#### RECORDS PROVIDED
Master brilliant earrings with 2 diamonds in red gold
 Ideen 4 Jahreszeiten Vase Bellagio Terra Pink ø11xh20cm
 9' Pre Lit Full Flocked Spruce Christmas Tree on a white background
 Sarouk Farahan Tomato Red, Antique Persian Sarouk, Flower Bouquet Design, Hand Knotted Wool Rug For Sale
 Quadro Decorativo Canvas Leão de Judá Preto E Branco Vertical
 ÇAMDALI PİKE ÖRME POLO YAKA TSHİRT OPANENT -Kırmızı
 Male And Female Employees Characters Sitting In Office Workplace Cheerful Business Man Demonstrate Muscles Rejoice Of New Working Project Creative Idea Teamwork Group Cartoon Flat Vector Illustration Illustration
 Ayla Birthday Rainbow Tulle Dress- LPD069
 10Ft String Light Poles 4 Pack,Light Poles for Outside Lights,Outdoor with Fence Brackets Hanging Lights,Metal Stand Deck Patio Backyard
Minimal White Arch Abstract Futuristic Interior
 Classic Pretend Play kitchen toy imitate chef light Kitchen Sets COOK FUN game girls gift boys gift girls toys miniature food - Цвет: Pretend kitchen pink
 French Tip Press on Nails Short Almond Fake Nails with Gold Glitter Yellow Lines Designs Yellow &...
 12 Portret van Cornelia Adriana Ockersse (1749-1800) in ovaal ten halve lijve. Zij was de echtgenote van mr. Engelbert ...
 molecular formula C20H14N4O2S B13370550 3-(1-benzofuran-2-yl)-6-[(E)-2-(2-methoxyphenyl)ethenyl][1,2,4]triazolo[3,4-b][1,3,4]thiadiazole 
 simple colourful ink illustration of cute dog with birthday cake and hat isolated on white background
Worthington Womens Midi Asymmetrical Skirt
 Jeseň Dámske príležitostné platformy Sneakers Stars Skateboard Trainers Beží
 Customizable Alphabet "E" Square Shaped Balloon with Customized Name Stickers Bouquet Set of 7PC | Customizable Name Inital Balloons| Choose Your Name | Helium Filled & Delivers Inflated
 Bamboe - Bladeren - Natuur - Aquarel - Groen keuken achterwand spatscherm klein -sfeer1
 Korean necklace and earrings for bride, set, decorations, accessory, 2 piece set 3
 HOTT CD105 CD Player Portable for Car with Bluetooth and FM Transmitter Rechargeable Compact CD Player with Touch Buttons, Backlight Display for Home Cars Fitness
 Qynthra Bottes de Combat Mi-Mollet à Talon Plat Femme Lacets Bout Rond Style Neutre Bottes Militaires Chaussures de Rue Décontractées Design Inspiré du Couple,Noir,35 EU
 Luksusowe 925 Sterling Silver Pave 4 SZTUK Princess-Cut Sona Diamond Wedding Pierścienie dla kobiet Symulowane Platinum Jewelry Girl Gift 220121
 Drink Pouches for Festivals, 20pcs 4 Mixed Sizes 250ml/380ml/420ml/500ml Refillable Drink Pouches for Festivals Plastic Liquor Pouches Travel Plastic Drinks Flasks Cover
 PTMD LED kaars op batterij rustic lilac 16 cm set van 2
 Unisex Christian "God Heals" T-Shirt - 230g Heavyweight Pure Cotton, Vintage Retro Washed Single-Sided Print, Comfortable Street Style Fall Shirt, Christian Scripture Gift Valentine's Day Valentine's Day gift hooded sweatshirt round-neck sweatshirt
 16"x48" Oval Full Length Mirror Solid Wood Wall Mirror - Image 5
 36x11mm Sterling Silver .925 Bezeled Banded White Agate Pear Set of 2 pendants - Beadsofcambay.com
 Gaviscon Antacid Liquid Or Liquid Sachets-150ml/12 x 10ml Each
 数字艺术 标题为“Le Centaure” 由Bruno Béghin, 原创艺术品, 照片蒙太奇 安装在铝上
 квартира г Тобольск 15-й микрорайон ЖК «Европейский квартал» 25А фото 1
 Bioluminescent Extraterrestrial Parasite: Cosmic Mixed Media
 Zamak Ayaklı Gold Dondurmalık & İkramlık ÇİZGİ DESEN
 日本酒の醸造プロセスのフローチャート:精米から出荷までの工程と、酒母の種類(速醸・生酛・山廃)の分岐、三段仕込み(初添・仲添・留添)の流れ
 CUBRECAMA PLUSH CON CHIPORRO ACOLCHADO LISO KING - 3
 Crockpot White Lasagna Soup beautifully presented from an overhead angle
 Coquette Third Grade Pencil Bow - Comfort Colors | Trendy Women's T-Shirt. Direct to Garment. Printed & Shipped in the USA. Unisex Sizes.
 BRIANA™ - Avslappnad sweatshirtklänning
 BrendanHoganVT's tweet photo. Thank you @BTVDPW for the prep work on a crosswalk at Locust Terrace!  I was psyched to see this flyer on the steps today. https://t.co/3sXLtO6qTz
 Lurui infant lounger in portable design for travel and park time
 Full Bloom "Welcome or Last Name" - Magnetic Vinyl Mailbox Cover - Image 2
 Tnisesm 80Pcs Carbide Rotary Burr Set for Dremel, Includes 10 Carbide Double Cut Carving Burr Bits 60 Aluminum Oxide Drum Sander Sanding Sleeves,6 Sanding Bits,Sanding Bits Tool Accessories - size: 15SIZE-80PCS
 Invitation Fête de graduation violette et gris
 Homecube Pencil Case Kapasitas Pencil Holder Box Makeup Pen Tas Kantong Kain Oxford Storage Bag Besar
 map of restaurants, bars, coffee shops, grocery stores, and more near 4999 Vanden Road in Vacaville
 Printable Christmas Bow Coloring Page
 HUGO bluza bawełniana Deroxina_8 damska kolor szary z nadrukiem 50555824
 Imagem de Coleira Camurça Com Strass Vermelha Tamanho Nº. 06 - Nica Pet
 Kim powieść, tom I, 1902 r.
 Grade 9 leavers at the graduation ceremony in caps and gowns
########
[EXERCISE DIRECTIONS]:
Here the job is to output the lines from the start of the material through the line with "12 Portret van", inclusive, exactly and with nothing else.

[RESULT OF THIS TASK]:
Master brilliant earrings with 2 diamonds in red gold
 Ideen 4 Jahreszeiten Vase Bellagio Terra Pink ø11xh20cm
 9' Pre Lit Full Flocked Spruce Christmas Tree on a white background
 Sarouk Farahan Tomato Red, Antique Persian Sarouk, Flower Bouquet Design, Hand Knotted Wool Rug For Sale
 Quadro Decorativo Canvas Leão de Judá Preto E Branco Vertical
 ÇAMDALI PİKE ÖRME POLO YAKA TSHİRT OPANENT -Kırmızı
 Male And Female Employees Characters Sitting In Office Workplace Cheerful Business Man Demonstrate Muscles Rejoice Of New Working Project Creative Idea Teamwork Group Cartoon Flat Vector Illustration Illustration
 Ayla Birthday Rainbow Tulle Dress- LPD069
 10Ft String Light Poles 4 Pack,Light Poles for Outside Lights,Outdoor with Fence Brackets Hanging Lights,Metal Stand Deck Patio Backyard
Minimal White Arch Abstract Futuristic Interior
 Classic Pretend Play kitchen toy imitate chef light Kitchen Sets COOK FUN game girls gift boys gift girls toys miniature food - Цвет: Pretend kitchen pink
 French Tip Press on Nails Short Almond Fake Nails with Gold Glitter Yellow Lines Designs Yellow &...
 12 Portret van Cornelia Adriana Ockersse (1749-1800) in ovaal ten halve lijve. Zij was de echtgenote van mr. Engelbert ...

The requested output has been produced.